EXERCISE REQUIREMENTS: Where the records appear below, transcribe them exactly, leaving none out.

Dataset records:
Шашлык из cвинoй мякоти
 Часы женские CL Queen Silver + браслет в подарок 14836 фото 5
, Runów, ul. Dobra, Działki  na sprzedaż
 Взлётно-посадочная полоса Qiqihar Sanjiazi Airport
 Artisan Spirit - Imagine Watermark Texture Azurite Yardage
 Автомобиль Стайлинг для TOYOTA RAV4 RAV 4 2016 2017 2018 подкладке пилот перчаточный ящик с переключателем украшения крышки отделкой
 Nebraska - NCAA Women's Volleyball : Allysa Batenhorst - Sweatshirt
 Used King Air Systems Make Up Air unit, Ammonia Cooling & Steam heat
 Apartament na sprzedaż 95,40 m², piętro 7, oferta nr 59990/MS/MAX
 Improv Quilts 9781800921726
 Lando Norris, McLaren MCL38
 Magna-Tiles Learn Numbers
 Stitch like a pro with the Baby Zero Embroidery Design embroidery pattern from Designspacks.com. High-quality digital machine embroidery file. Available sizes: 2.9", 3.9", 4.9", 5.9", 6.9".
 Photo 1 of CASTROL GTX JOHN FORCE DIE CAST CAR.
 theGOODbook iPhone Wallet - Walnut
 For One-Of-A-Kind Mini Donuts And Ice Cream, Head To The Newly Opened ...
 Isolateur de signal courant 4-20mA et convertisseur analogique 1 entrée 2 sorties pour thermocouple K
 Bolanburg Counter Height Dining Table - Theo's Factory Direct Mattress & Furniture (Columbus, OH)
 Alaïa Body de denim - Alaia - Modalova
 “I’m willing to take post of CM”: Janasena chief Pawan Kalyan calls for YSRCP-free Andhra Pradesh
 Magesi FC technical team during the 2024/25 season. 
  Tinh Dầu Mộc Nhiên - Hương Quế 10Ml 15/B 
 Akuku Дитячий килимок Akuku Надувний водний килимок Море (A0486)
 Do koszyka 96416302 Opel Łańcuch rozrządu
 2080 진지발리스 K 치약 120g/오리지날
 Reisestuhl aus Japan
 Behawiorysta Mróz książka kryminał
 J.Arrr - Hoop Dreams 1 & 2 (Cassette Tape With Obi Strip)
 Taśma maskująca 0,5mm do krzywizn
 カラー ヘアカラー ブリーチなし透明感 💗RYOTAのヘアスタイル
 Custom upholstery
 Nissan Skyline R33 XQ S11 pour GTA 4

SOLUTION BELOW:
Шашлык из cвинoй мякоти
 Часы женские CL Queen Silver + браслет в подарок 14836 фото 5
, Runów, ul. Dobra, Działki  na sprzedaż
 Взлётно-посадочная полоса Qiqihar Sanjiazi Airport
 Artisan Spirit - Imagine Watermark Texture Azurite Yardage
 Автомобиль Стайлинг для TOYOTA RAV4 RAV 4 2016 2017 2018 подкладке пилот перчаточный ящик с переключателем украшения крышки отделкой
 Nebraska - NCAA Women's Volleyball : Allysa Batenhorst - Sweatshirt
 Used King Air Systems Make Up Air unit, Ammonia Cooling & Steam heat
 Apartament na sprzedaż 95,40 m², piętro 7, oferta nr 59990/MS/MAX
 Improv Quilts 9781800921726
 Lando Norris, McLaren MCL38
 Magna-Tiles Learn Numbers
 Stitch like a pro with the Baby Zero Embroidery Design embroidery pattern from Designspacks.com. High-quality digital machine embroidery file. Available sizes: 2.9", 3.9", 4.9", 5.9", 6.9".
 Photo 1 of CASTROL GTX JOHN FORCE DIE CAST CAR.
 theGOODbook iPhone Wallet - Walnut
 For One-Of-A-Kind Mini Donuts And Ice Cream, Head To The Newly Opened ...
 Isolateur de signal courant 4-20mA et convertisseur analogique 1 entrée 2 sorties pour thermocouple K
 Bolanburg Counter Height Dining Table - Theo's Factory Direct Mattress & Furniture (Columbus, OH)
 Alaïa Body de denim - Alaia - Modalova
 “I’m willing to take post of CM”: Janasena chief Pawan Kalyan calls for YSRCP-free Andhra Pradesh
 Magesi FC technical team during the 2024/25 season. 
  Tinh Dầu Mộc Nhiên - Hương Quế 10Ml 15/B 
 Akuku Дитячий килимок Akuku Надувний водний килимок Море (A0486)
 Do koszyka 96416302 Opel Łańcuch rozrządu
 2080 진지발리스 K 치약 120g/오리지날
 Reisestuhl aus Japan
 Behawiorysta Mróz książka kryminał
 J.Arrr - Hoop Dreams 1 & 2 (Cassette Tape With Obi Strip)
 Taśma maskująca 0,5mm do krzywizn
 カラー ヘアカラー ブリーチなし透明感 💗RYOTAのヘアスタイル
 Custom upholstery
 Nissan Skyline R33 XQ S11 pour GTA 4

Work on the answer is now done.